Garcia-Rifenstahl’s demeanor was a convincing choreograph of facial cues. The smile was toothy and seemed genuine, but the jaw was tensed with a hint of some opaque agenda. The eyes and the muscles around them, however, surprised me, for they were blurred with the humanizing tics of sadness and sympathy. The juxtaposition made me think of Amado, and I felt the thorn in my heart twist.

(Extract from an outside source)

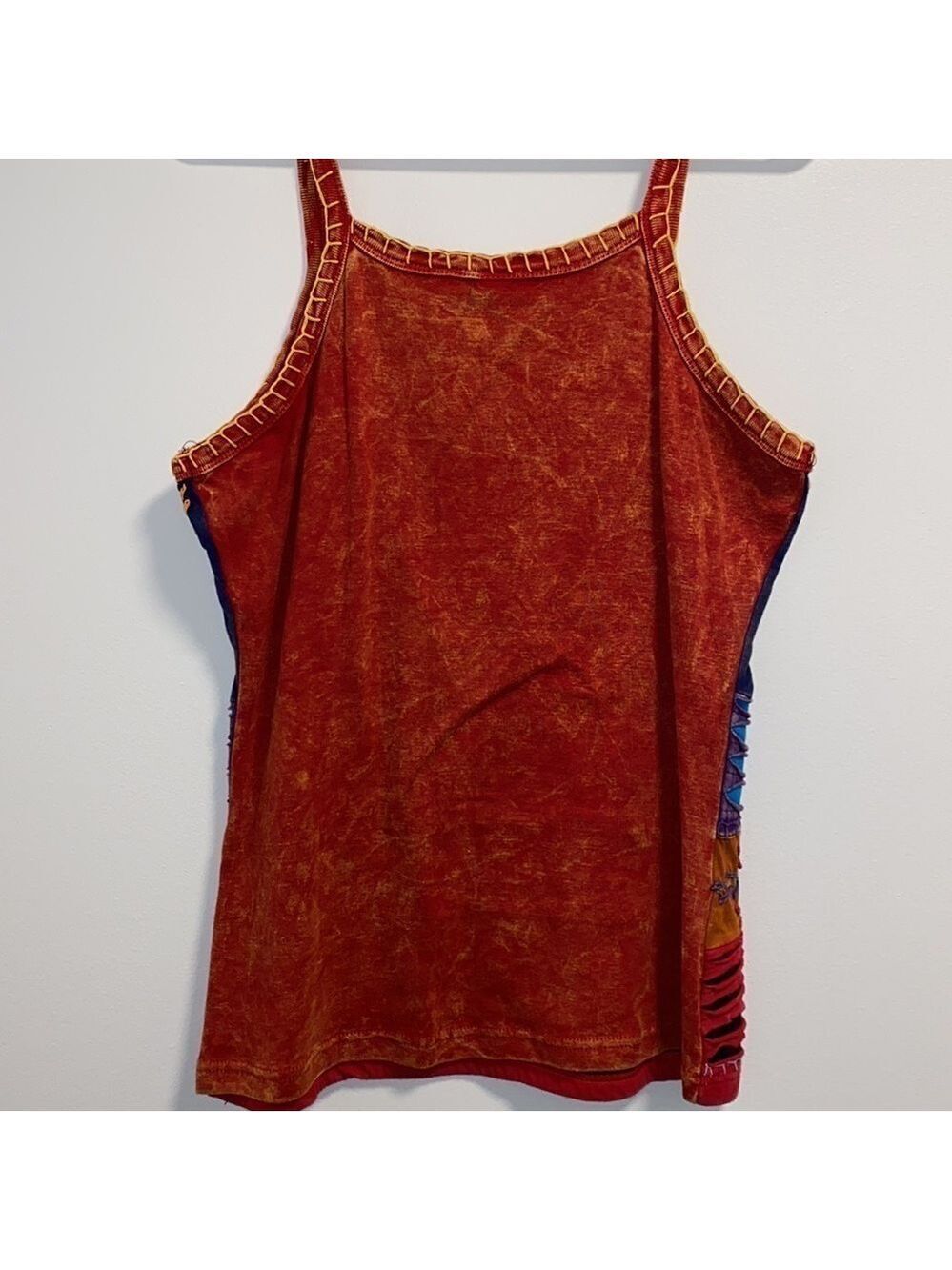 Nepal hippie rainbow textured tank top - Picture 4 of 4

“My sincerest condolences, Sen Espejo,” said the avatar. It paused and, with narrowing eyes, said, “I had a child, once. A daughter, lost in the Ikon Wars.” It sighed and, turning away for a moment, looked beyond the mural window overlooking the valley below, now dark except for the fireflies of busy air traffic. Turning back, it said, “’The Tao that can be told is not the eternal Tao.’”

And the name that can be named is not the eternal name.

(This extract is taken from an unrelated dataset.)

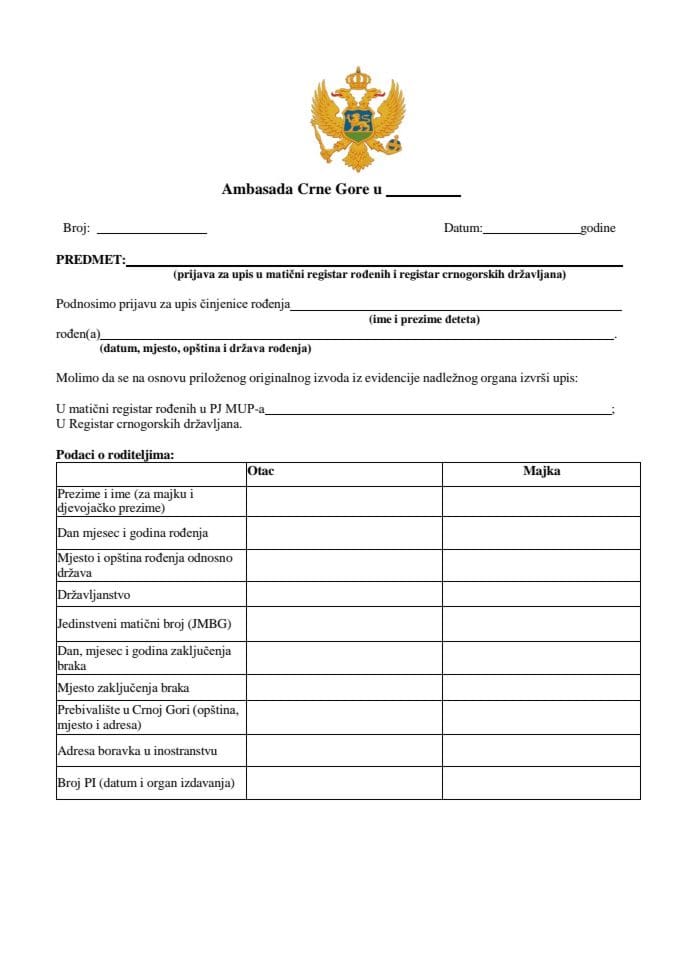 Prijava za upis u matični registar rođenih i registar crnogorskih državljana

An avatar? With a child? “What was her name?”

“Amélie.” Its — his — eyes glistened with the three syllables.

I nodded, my eyes feeling dark, grainy and hooded, and I took a deep involuntary breath. It angered me a little that he — or it — was probably using my son’s death to mask hidden political machinations.

Garcia-Rifenstahl didn’t explain his presence but, as a Cultural Diplomat I’m tasked with deducing the local customs of various worlds and cultures. Sen Garcia was essentially a policeman of sorts for the Collective, tasked with linking the seemingly unrelated dots that any death messily leaves behind like the splatters of an errant droplet of ink. Or blood. The avatar’s face was chiseled with angular, pale features under a tousled blond mane whose manicured wildness tended to fall over one eye. That he was a card-carrying member of One World Militia would be a given.

If he were, of course, actually real.

“You know,” I said, “I am quite surprised that your Ministry didn’t have me hauled in and interrogated.”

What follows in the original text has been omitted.